The Irish Minister for Justice, Equality and Defence has recently issued guidelines for Irish intended parents who enter into surrogacy arrangements abroad. Whilst any attempt to streamline the complex legal issues and problems associated with international surrogacy is to be welcomed, these guidelines are a far cry from a much needed root and branch overhaul of the fundamental legal treatment of international surrogacy arrangements in Ireland and the introduction of formal surrogacy legislation.
The new guidelines coincide with recent media coverage of an increasing number of foreign born surrogate babies left stranded abroad in circumstances where their Irish intended parents have no clear means of securing their safe passage home to Ireland after the birth. Whilst the guidelines do create a clearer pathway for Irish citizenship or emergency travel clearance to be granted to the surrogate born child if the intended father is an Irish citizen and biological father, this can still take many weeks or months to secure in circumstances where a DNA test and a raft of other paperwork and/or an Irish court order is also required.

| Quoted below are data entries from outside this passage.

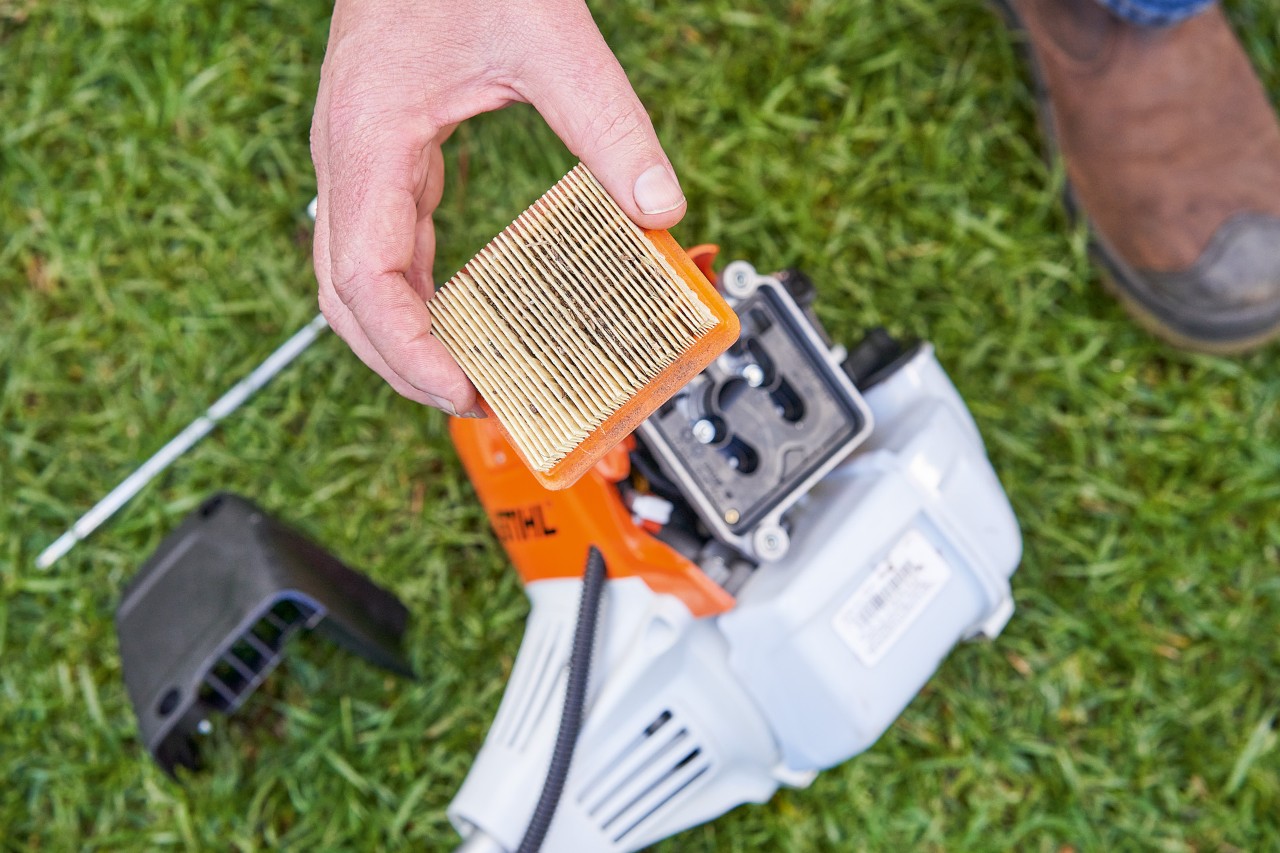 Një person që heq filtrin e ajrit nga një trimer STIHL për ta pastruar atë 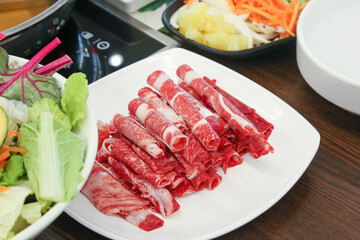 Shabu Shabu. Thinly sliced ​​beef on a plate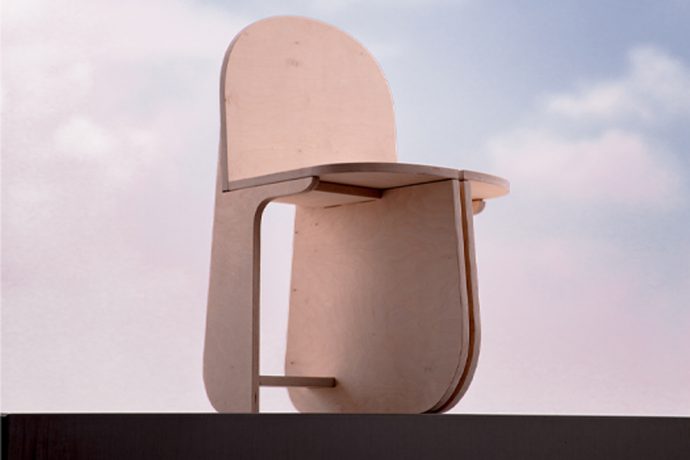This flat-pack chair is supported by three rounded legs and requires no tools for assembly!
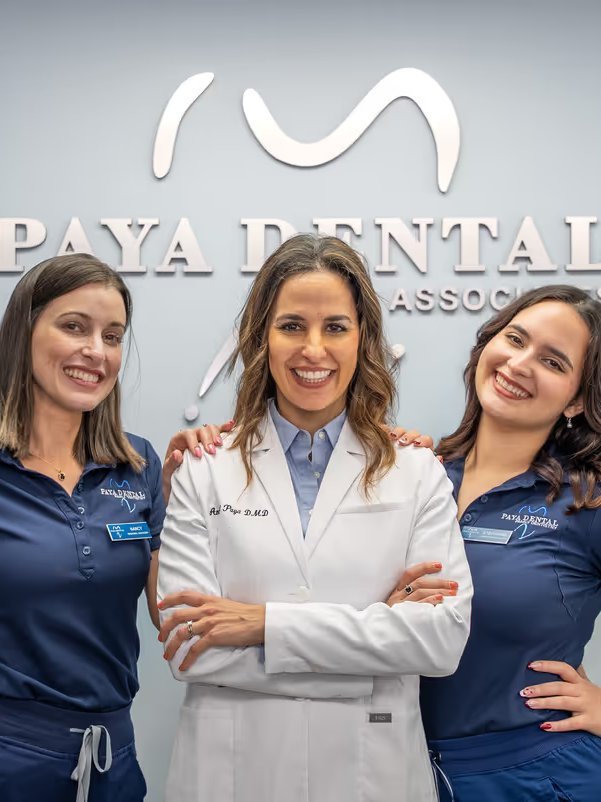 Dr. Anabel Paya with two Paya Dental team members in front of the office logo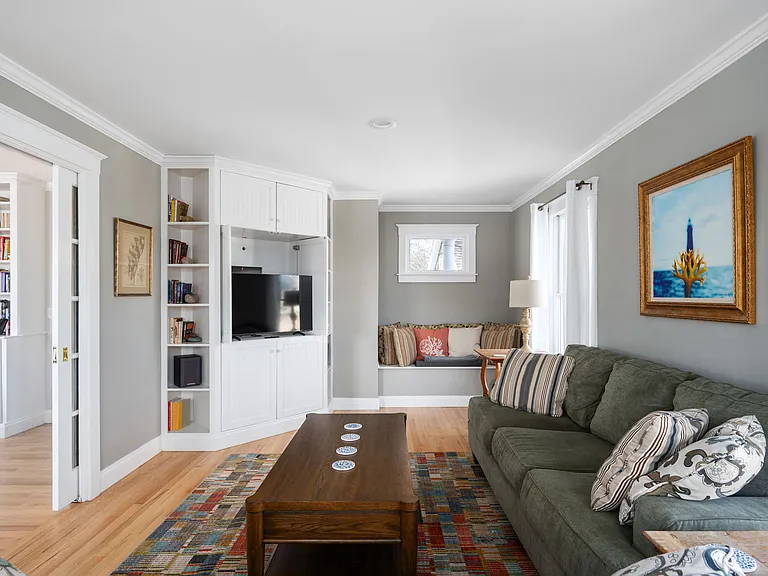 Den/TV room with French pocket doors that can close for added privacy.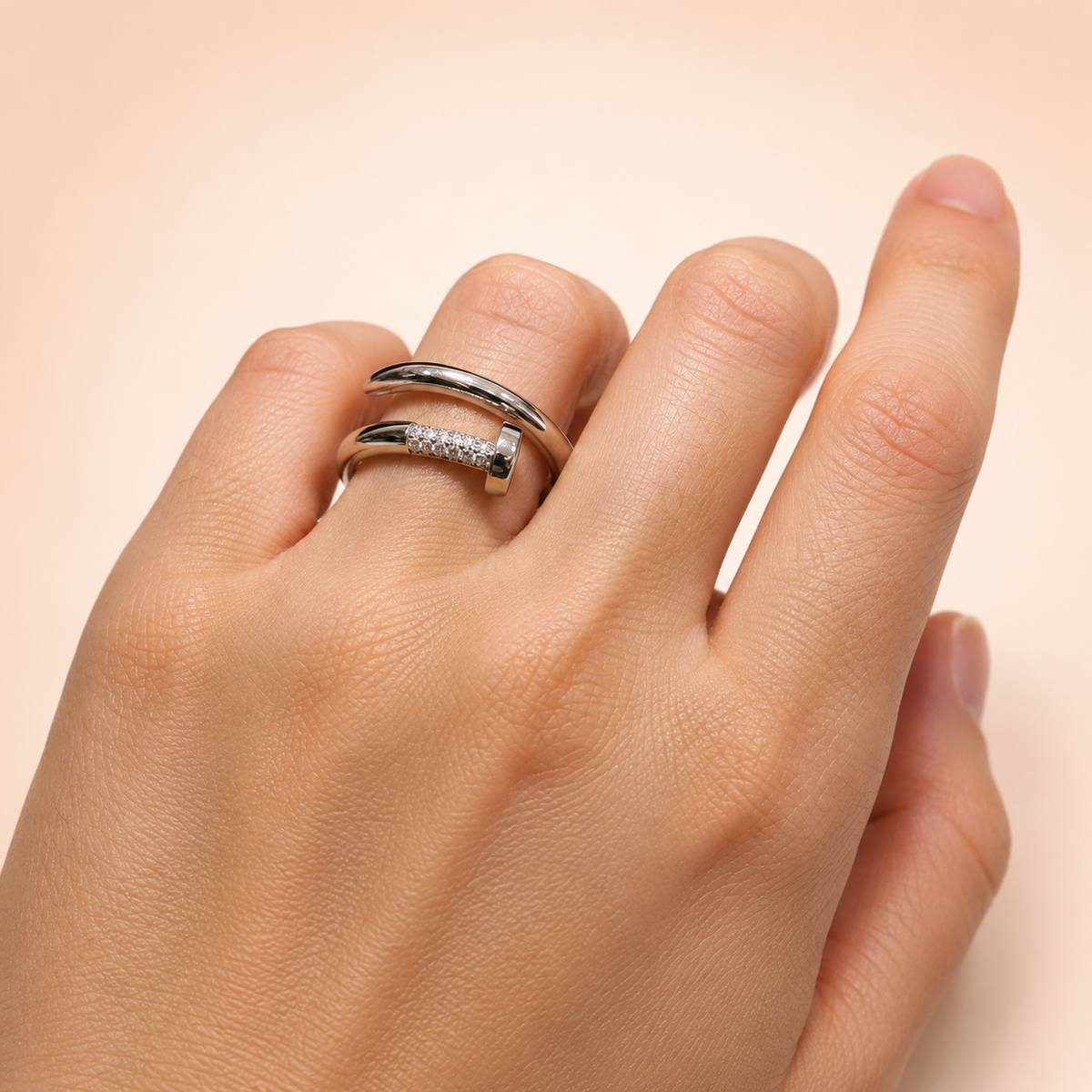Anillo Forma de Clavo de Plata 925 sobre fondo rosa nude, blanco y beige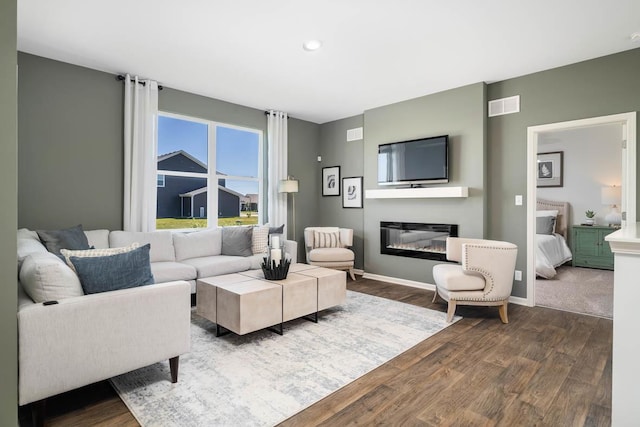 living room with dark wood-type flooring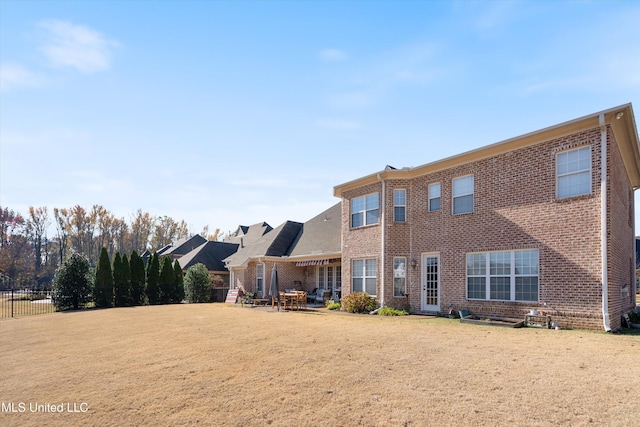 rear view of property with a patio area, brick siding, and a lawn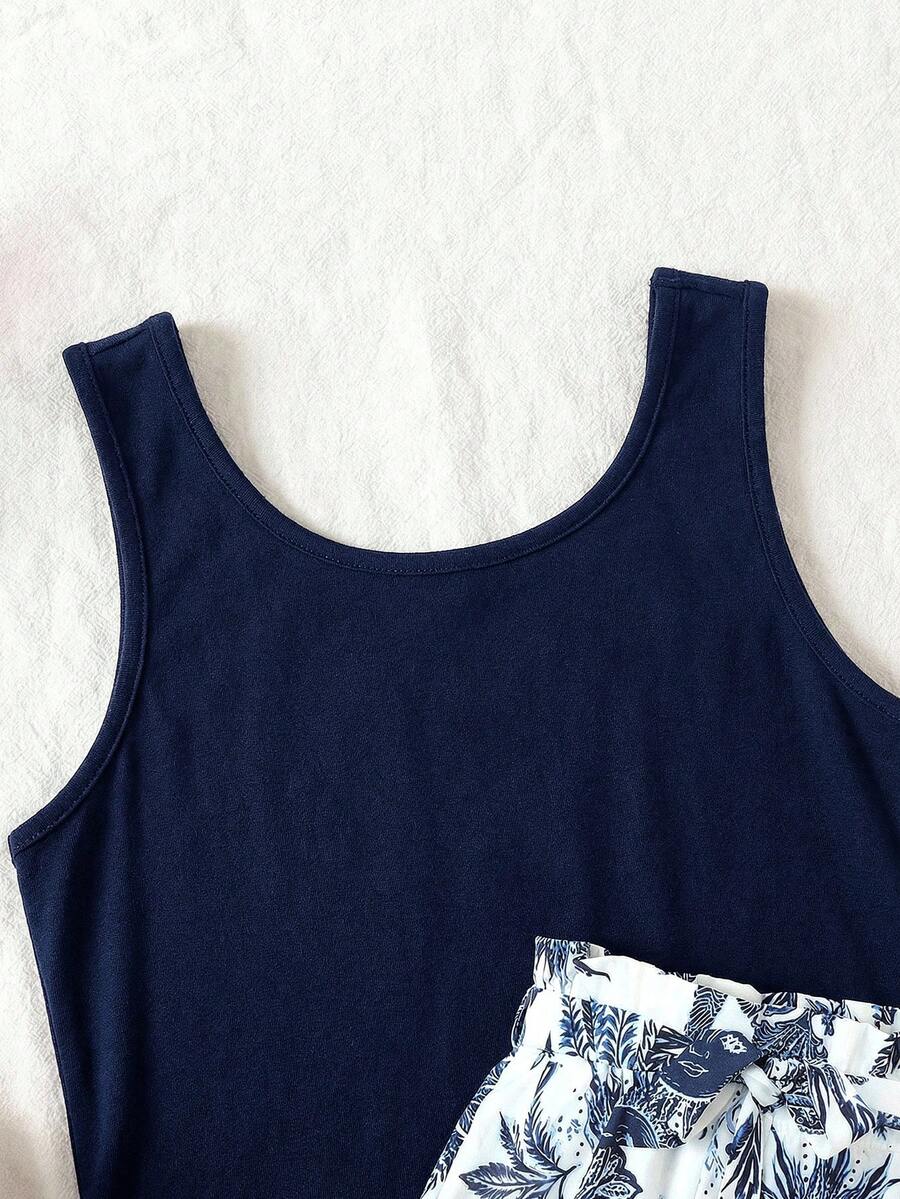 Tween girl wearing a casual 2-piece set featuring a black rib-knit scoop neck tank top and leopard print paperbag waist shorts with a matching belt.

The Irish surrogacy guidelines make no change to the legal position of the Irish intended mother who lacks legal status for the surrogate born child at birth. Irish law continues to regard the surrogate mother as the child’s legal mother by virtue of carrying the pregnancy and if married her husband as legal father (a position which is mirrored under English law).
Overall, the Irish surrogacy guidelines signify a need for greater legal certainty of the complex legal issues that surrogacy and assisted reproduction create. The guidelines mark a step forward but fall short of radical reform. The lack of a uniform approach to surrogacy law and practice around the world continues to create complex international conflicts of law and very real difficulties for intended parents and their surrogate born children alike. There needs to be rational international debate and consensus at its widest level about the nature and practice of surrogacy, payments, issues of enforceability and the associated international movement of children.